Work to complete: For this listing, reproduce the line with "<b>Mens</b> <b>Boxer</b> <b>Shorts</b> Cheap", the line with "Scenic Drive", and the lines between, exactly as they stand. Leave out pictures and all other lines.

(Material for the task begins)

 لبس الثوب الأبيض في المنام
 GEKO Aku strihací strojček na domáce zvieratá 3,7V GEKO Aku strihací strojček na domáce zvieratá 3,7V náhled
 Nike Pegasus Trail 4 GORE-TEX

(Material for the task ends)
(Material for the task begins)

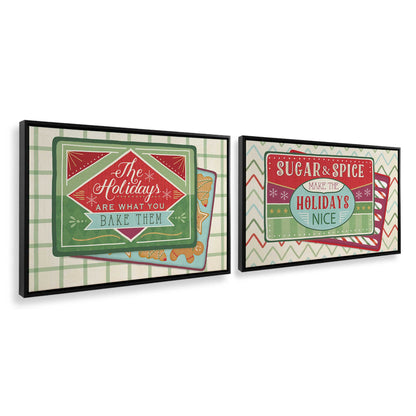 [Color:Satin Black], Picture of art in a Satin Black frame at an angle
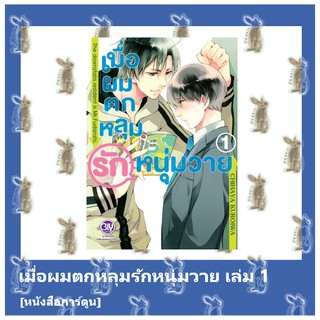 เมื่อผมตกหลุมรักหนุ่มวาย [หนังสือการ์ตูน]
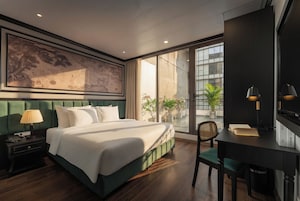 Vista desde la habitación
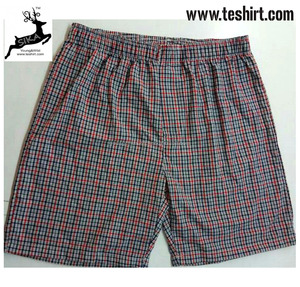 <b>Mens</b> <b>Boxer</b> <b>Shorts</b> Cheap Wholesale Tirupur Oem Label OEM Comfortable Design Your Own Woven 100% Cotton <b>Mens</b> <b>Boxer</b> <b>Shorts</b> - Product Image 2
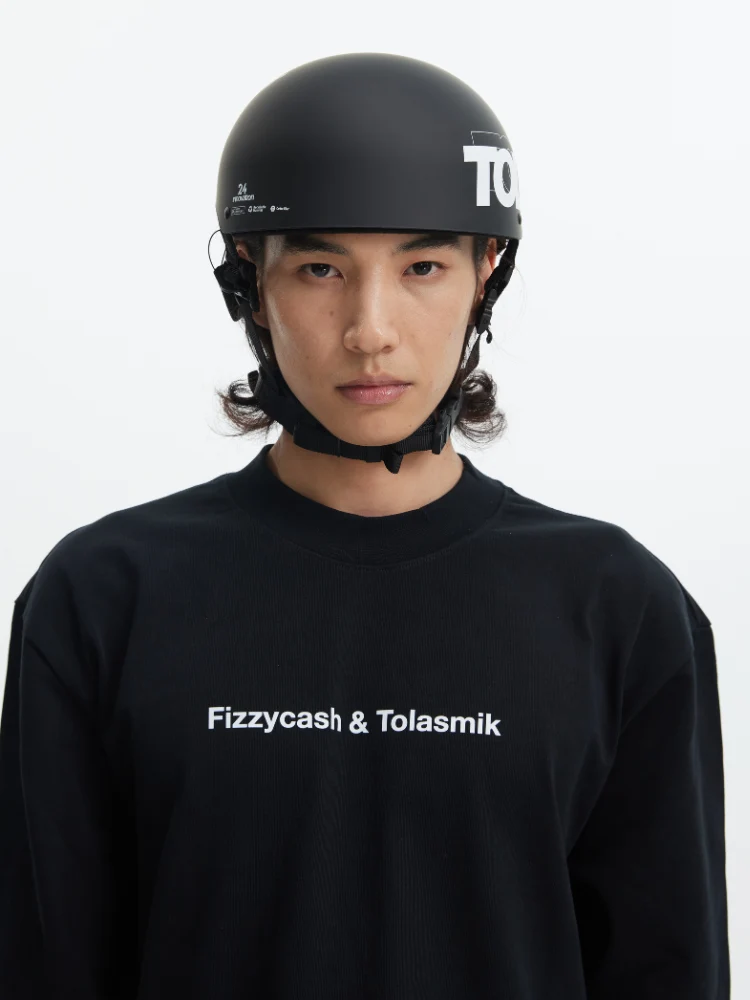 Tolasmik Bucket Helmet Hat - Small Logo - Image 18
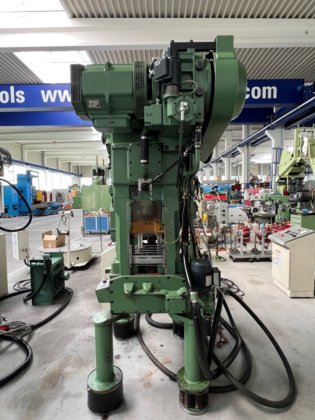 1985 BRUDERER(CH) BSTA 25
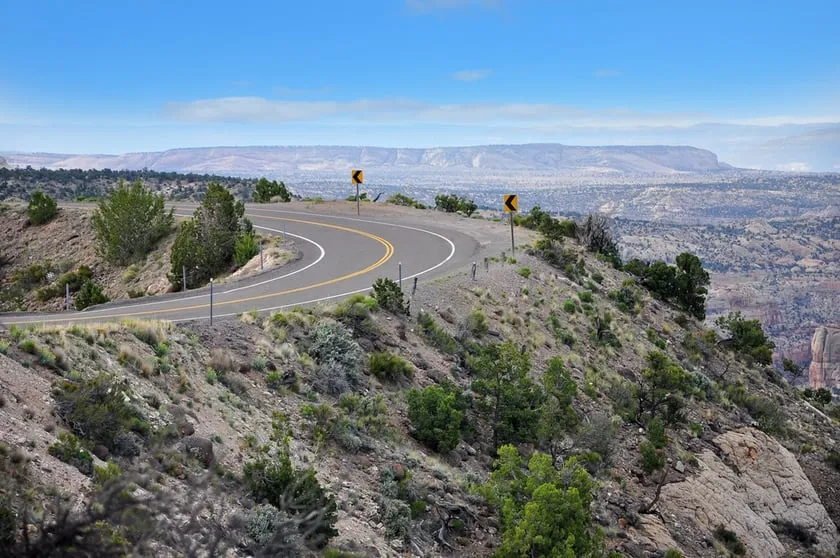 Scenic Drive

(Material for the task ends)
(Material for the task begins)

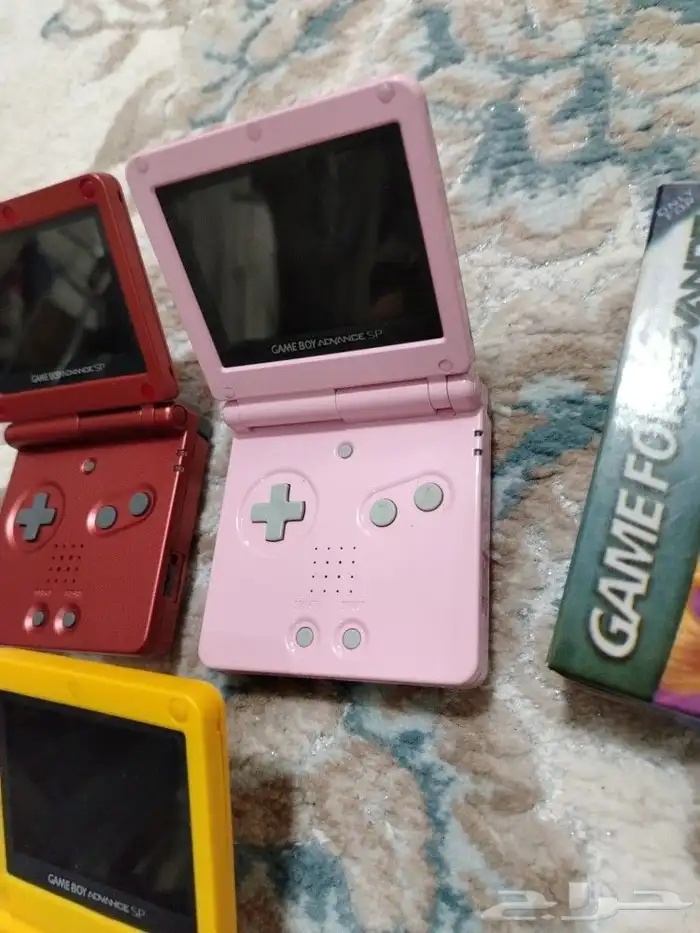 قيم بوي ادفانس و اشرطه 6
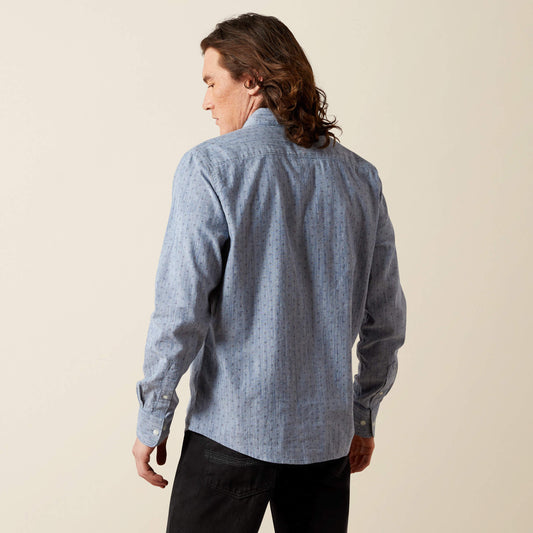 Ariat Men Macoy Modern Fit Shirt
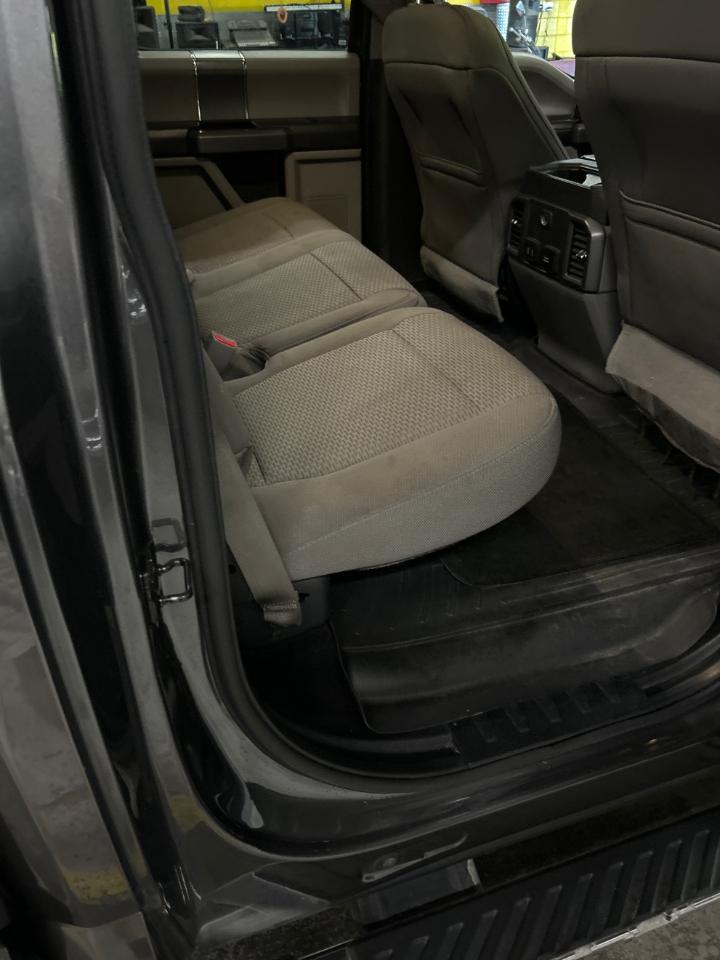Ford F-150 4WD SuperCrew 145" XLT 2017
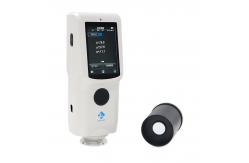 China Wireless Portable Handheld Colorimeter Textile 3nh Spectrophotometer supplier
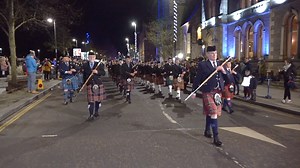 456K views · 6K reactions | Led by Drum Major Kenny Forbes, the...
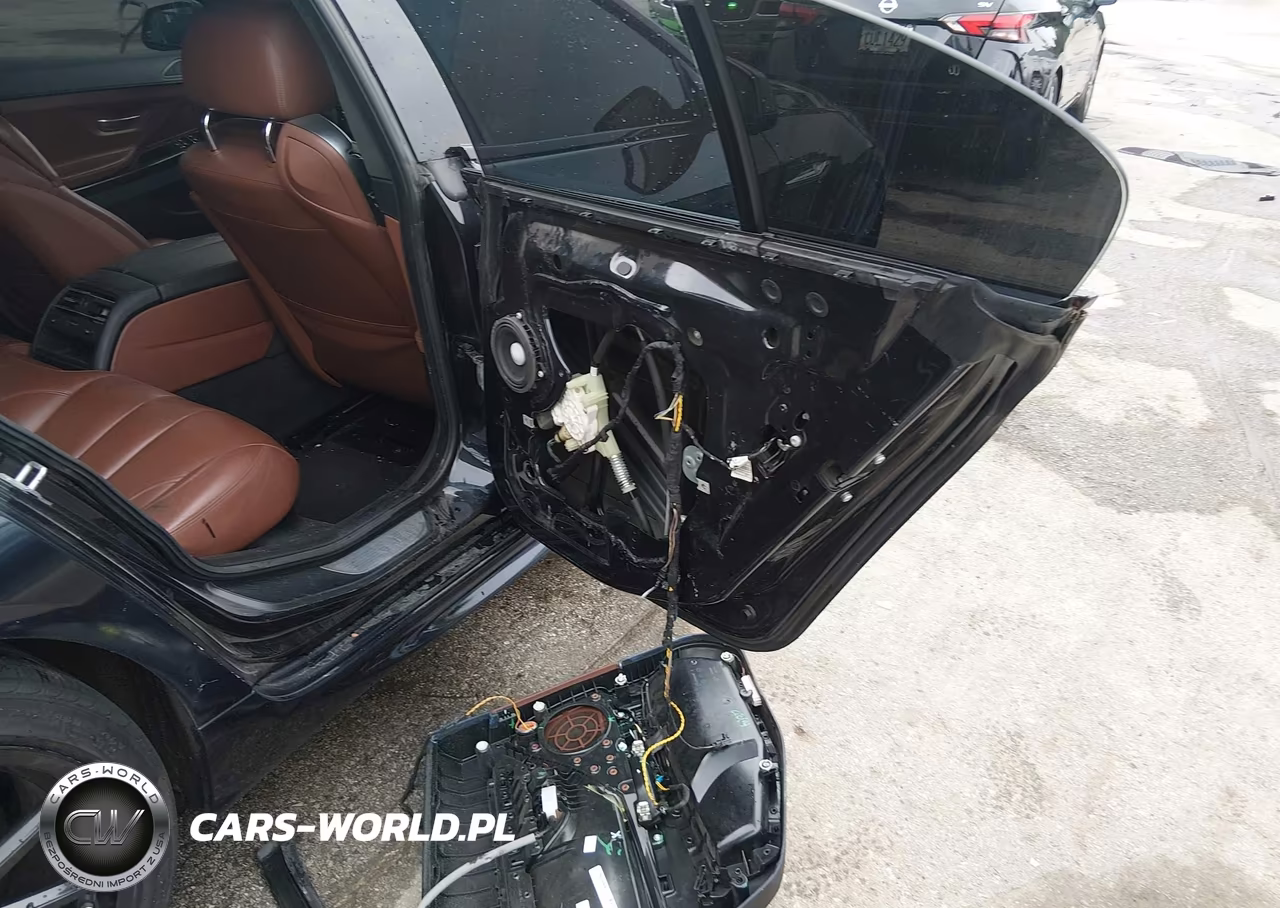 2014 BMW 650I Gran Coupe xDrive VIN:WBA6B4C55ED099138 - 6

(Material for the task ends)

Result:
 <b>Mens</b> <b>Boxer</b> <b>Shorts</b> Cheap Wholesale Tirupur Oem Label OEM Comfortable Design Your Own Woven 100% Cotton <b>Mens</b> <b>Boxer</b> <b>Shorts</b> - Product Image 2
 Tolasmik Bucket Helmet Hat - Small Logo - Image 18
 1985 BRUDERER(CH) BSTA 25
 Scenic Drive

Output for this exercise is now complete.